I am not quite sure if the rule carries over into 3rd party discussions.  Can you use the first names while talking to your shadchan?  I think that should be acceptable but you never know.  Maybe this could be the start of an even stronger 'chumrah'.  The girls should always use the term 'bochur' and the the boys should use the term 'maidel'.  So when talking to the shadchan, the boy would say "Yes, I agree to out with Maidel Moskowitz".  Likewise, the girl would say "I agree to go out with Bochur Blum".  You know, this might catch on!
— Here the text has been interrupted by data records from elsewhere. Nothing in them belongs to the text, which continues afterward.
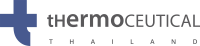 tHermo-logo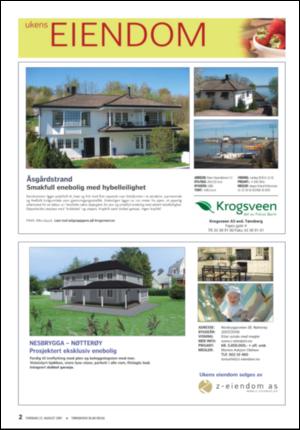 tonsbergsblad_bolig-20070823_000_00_00_002.pdf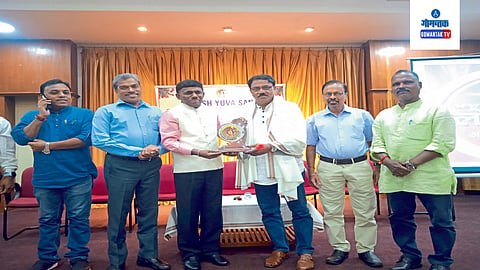 Goa News 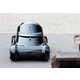 Subscription-Based Urban Vehicles Image 2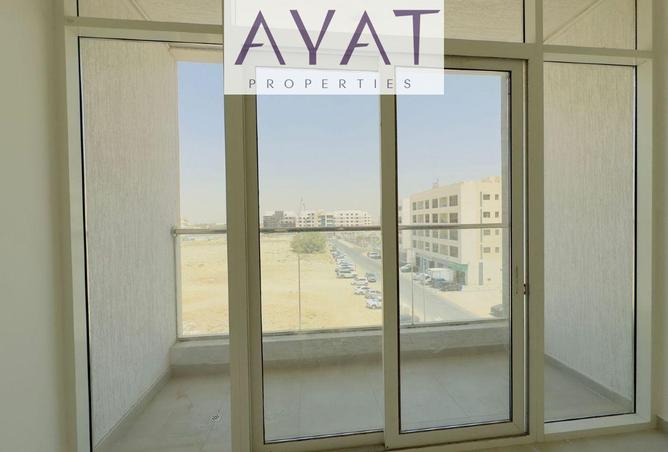138750528 - Property Main Image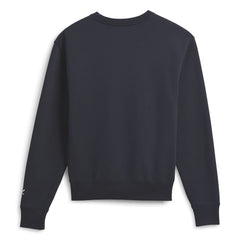 Adidas Originals Unisex PW Pharrell Williams Humanrace Basics Crew Night Grey HS4831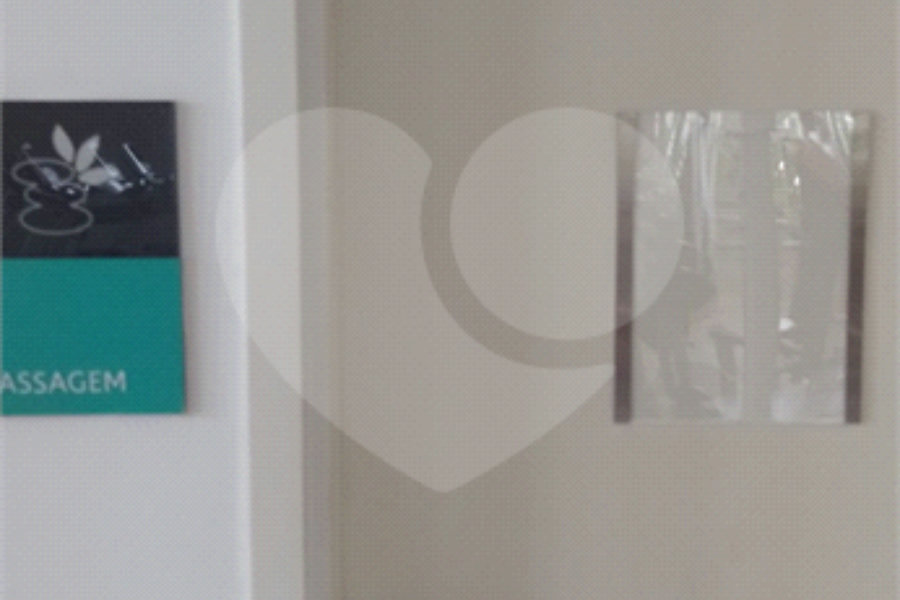 Apartamento à venda com 2 quartos, sendo 1 suíte,  em Santana, São Paulo, SP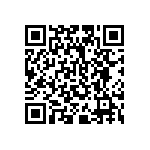 D38999-24ZD35AN QRCode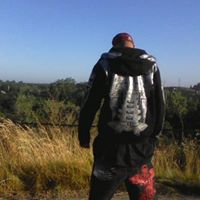 Jason Stone Photo 39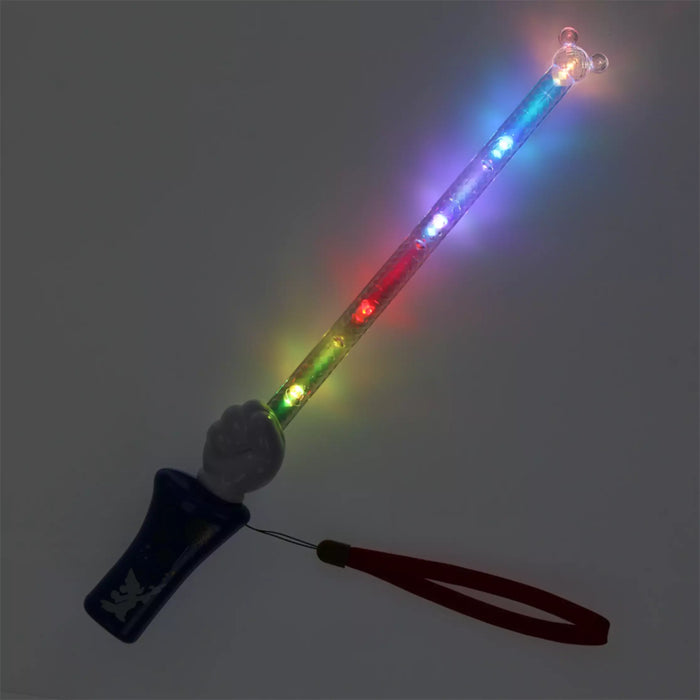 TDR - Mickey Mouse 'The Sorcerer's Apprentice' Luminous Toy (Release Date: Nov 28, 2024)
Or, you could go the mentschlech route and have a normal conversation.  

You decide.


Thursday, October 25, 2018

Let's start with the Shidduch Crisis.

There have been many suggestions to help alleviate the Shidduch Crisis.  Many well meaning people have spent a lot of time and money to help.  Almost everybody has some opinion on how to solve it.  Well, short of using a shotgun, I don't really have a solution.  But I haven't fully discounted the shotgun yet.  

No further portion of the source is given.